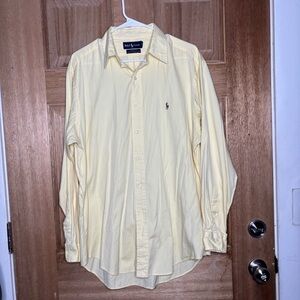 Ralph Lauren Men's Light Yellow Button Down Shirt long sleeve size 16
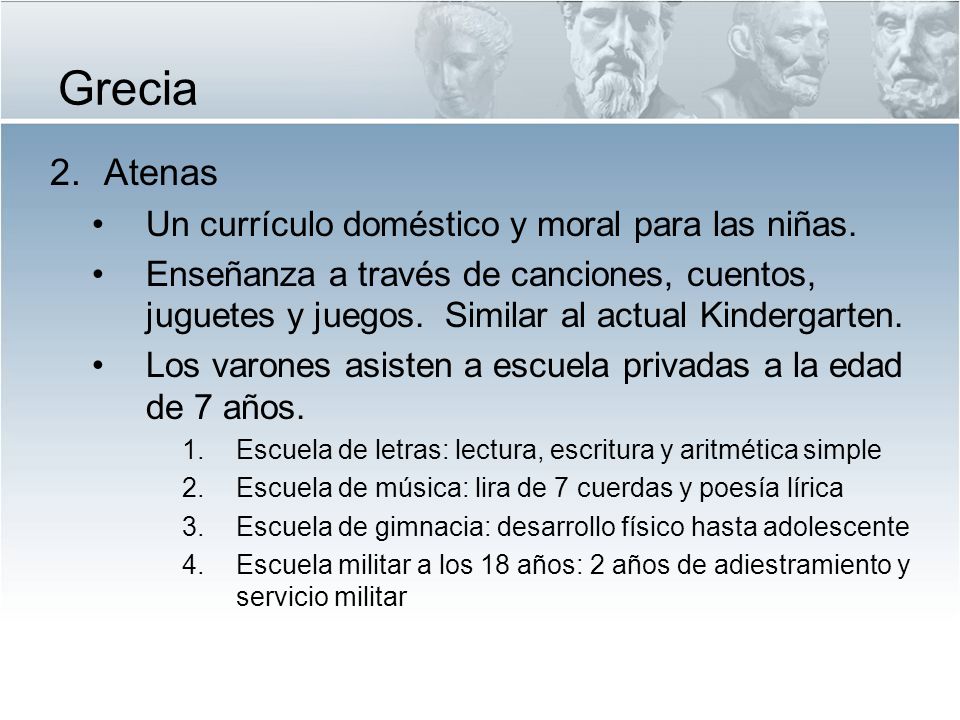 Grecia Atenas Un currículo doméstico y moral para las niñas.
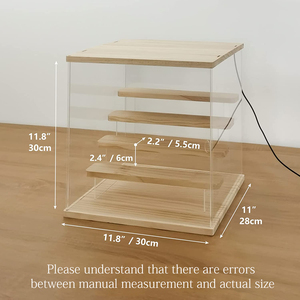 Gran oferta, estante de exhibición transparente de acrílico y madera a prueba de polvo, almacenamiento de modelos manuales y escaparate para figuras de acción, caja de escaparate de Juguetes - Product Image 6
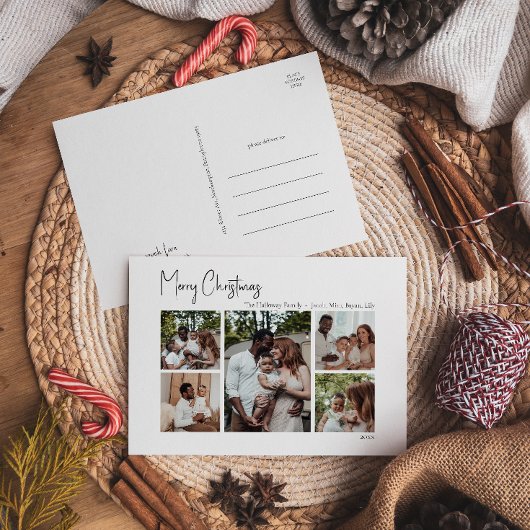 Modern kerstscript, vijf foto's feestdagenkaart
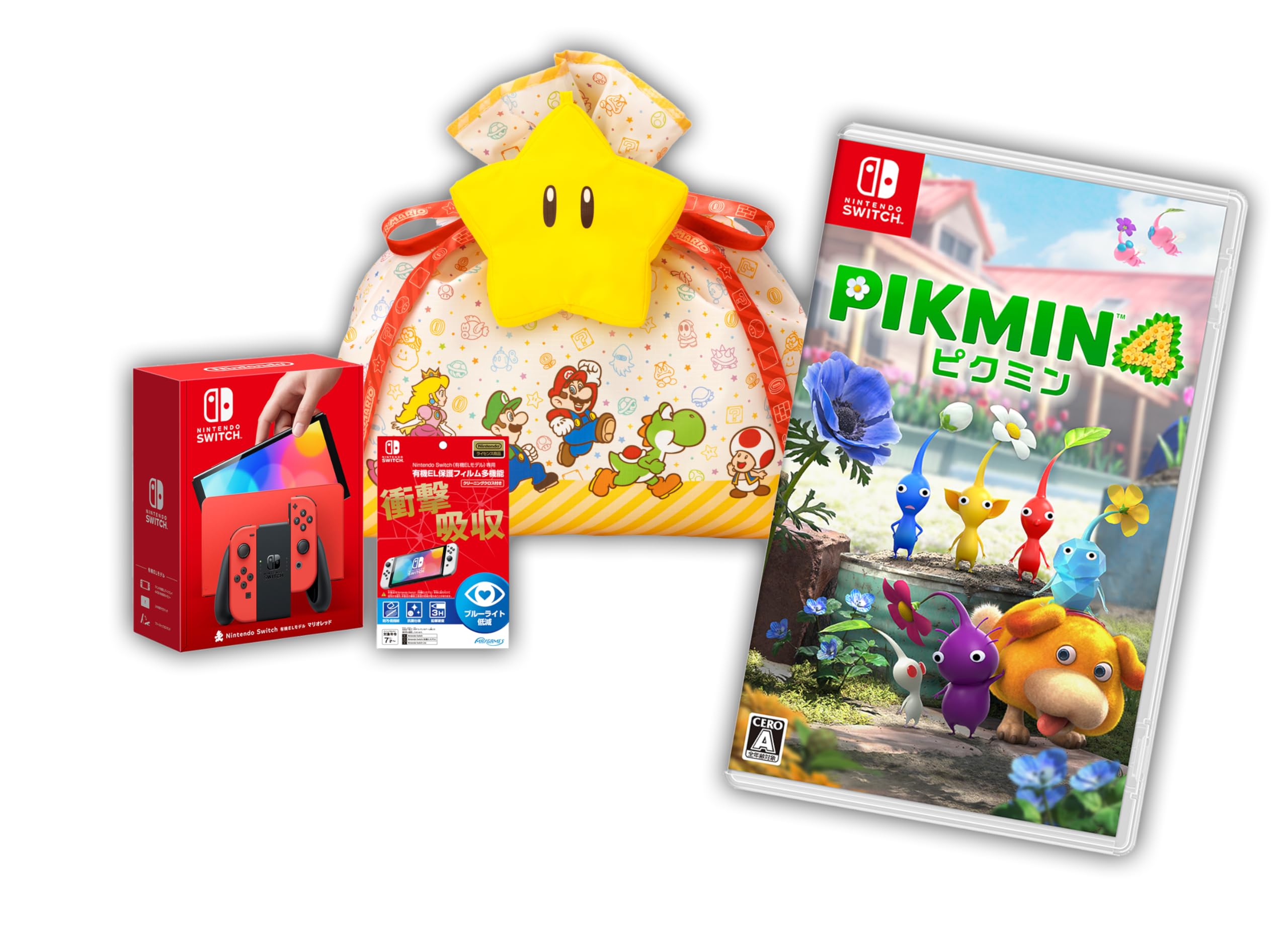 【クーポン配布中】 【スーパーマリオギフトラッピング×エコバッグ付】Pikmin 4(ピクミン 4)＋Nintendo Switch(有機ELモデ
-------------------------
Work instruction
Without the pictures, print all of the records exactly.

Exercise solution
 Ralph Lauren Men's Light Yellow Button Down Shirt long sleeve size 16
 Grecia Atenas Un currículo doméstico y moral para las niñas.
 Gran oferta, estante de exhibición transparente de acrílico y madera a prueba de polvo, almacenamiento de modelos manuales y escaparate para figuras de acción, caja de escaparate de Juguetes - Product Image 6
 Modern kerstscript, vijf foto's feestdagenkaart
 【クーポン配布中】 【スーパーマリオギフトラッピング×エコバッグ付】Pikmin 4(ピクミン 4)＋Nintendo Switch(有機ELモデ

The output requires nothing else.